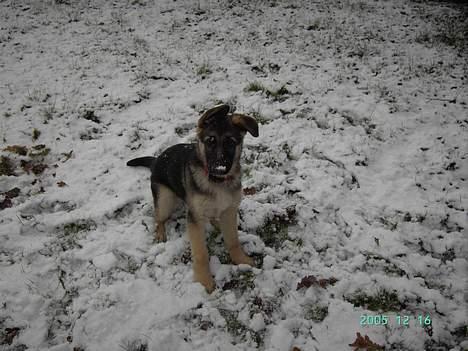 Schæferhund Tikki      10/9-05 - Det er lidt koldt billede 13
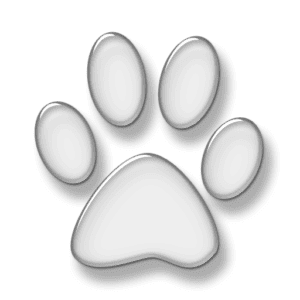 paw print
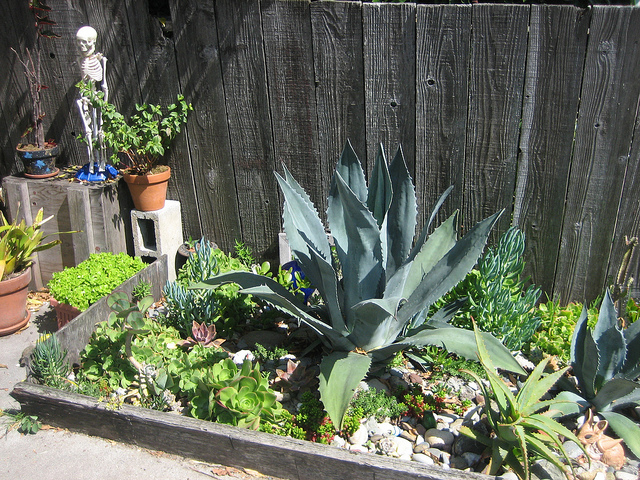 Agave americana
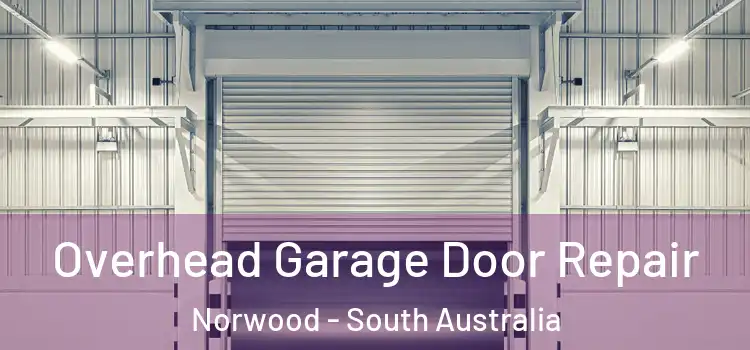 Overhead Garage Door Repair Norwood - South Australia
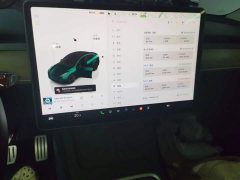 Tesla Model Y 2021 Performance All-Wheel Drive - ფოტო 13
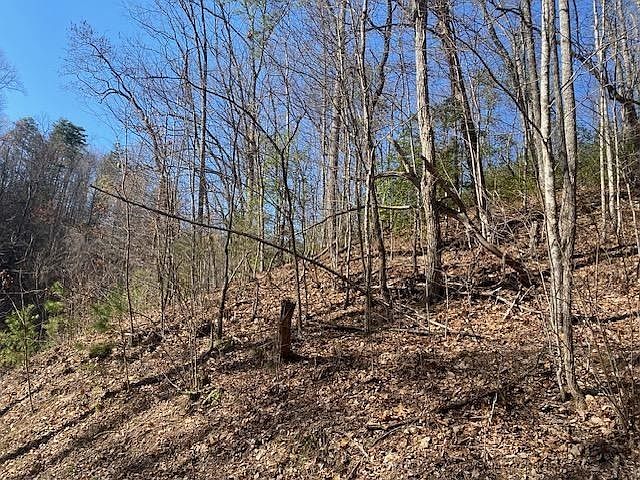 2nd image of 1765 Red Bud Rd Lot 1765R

■ ■ ■

▸ **Task item**
Return only the lines from the one that contains "Tesla Model Y" through the closing line of the data, inclusive, reproduced exactly and with every picture left out.

▸ **Task solution**
 Tesla Model Y 2021 Performance All-Wheel Drive - ფოტო 13
 2nd image of 1765 Red Bud Rd Lot 1765R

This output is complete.